> _THE PROBLEM_
Pictures in the data should be dropped; transcribe exactly the lines from the one that has "메르세데스 벤츠 A35" through the one that has "Behind the Screen".

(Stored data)
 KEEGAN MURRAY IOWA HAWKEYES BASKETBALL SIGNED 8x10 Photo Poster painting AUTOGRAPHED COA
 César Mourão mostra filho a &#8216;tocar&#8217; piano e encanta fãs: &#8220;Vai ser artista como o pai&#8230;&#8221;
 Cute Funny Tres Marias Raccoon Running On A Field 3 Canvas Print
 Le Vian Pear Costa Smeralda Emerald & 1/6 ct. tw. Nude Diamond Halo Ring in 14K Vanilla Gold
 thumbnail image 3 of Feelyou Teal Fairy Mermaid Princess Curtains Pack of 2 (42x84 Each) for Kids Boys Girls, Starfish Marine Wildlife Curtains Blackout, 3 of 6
==
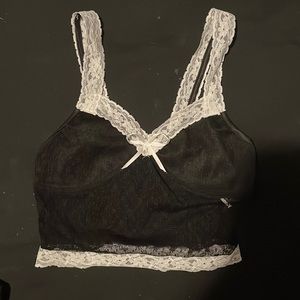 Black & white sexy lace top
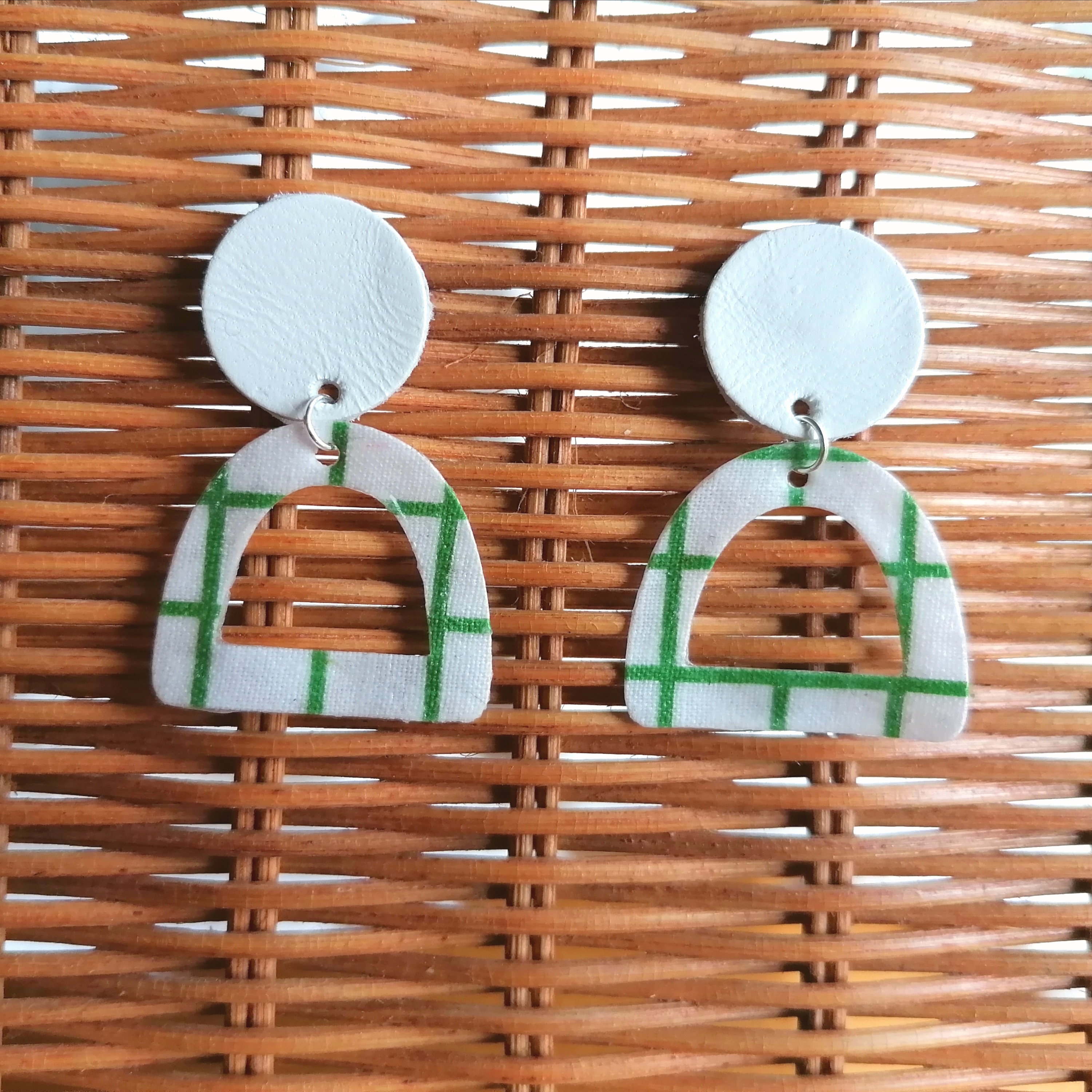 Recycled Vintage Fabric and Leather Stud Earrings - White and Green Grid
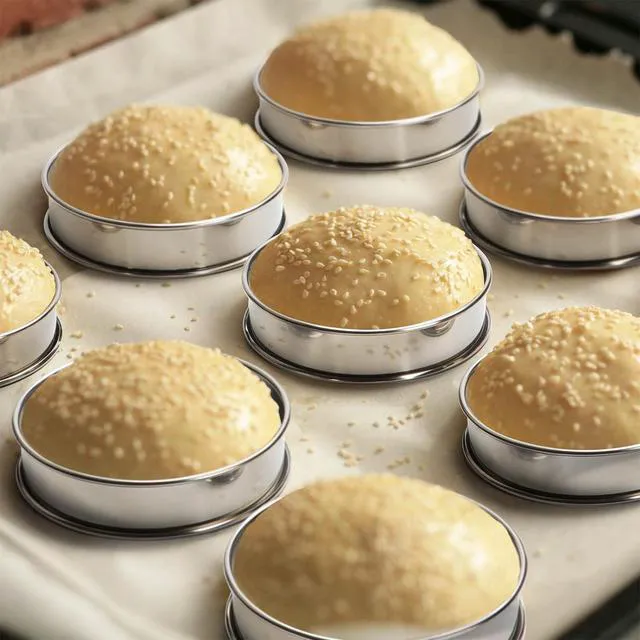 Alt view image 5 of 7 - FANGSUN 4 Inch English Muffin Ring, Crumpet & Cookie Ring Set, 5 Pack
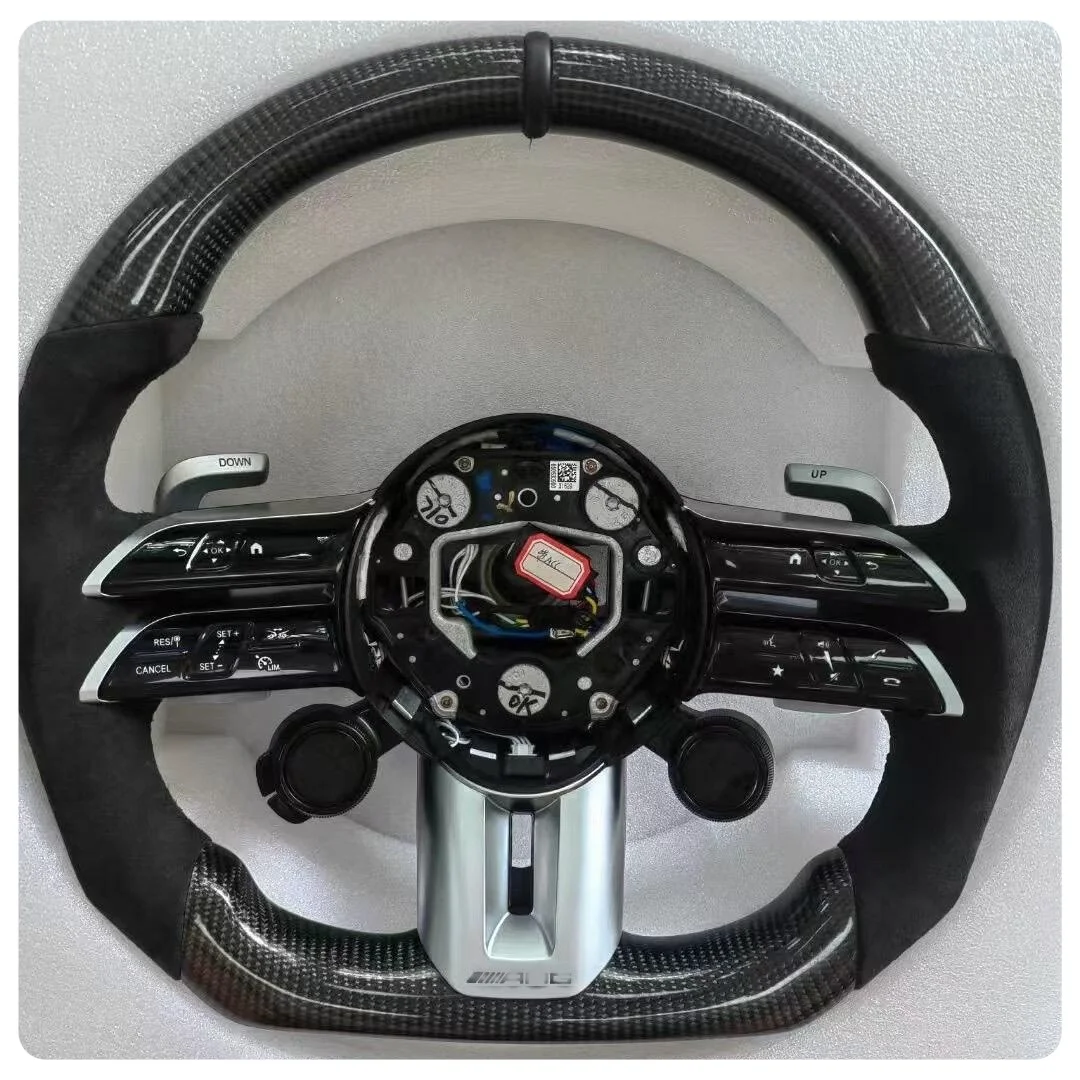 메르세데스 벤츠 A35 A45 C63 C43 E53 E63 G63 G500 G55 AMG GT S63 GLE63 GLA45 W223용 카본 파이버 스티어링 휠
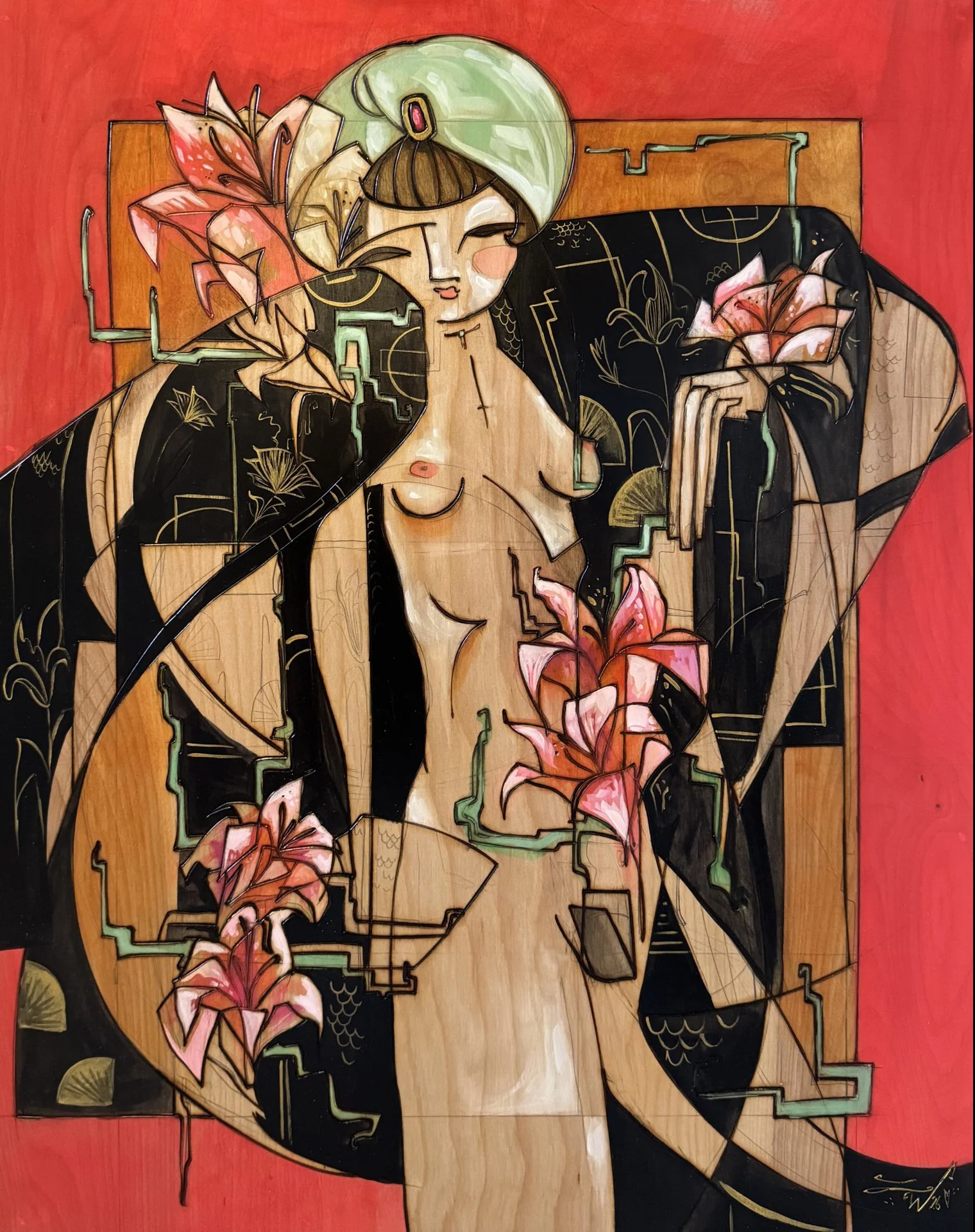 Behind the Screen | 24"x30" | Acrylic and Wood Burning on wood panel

> _EXPECTED OUTPUT_
 메르세데스 벤츠 A35 A45 C63 C43 E53 E63 G63 G500 G55 AMG GT S63 GLE63 GLA45 W223용 카본 파이버 스티어링 휠
 Behind the Screen | 24"x30" | Acrylic and Wood Burning on wood panel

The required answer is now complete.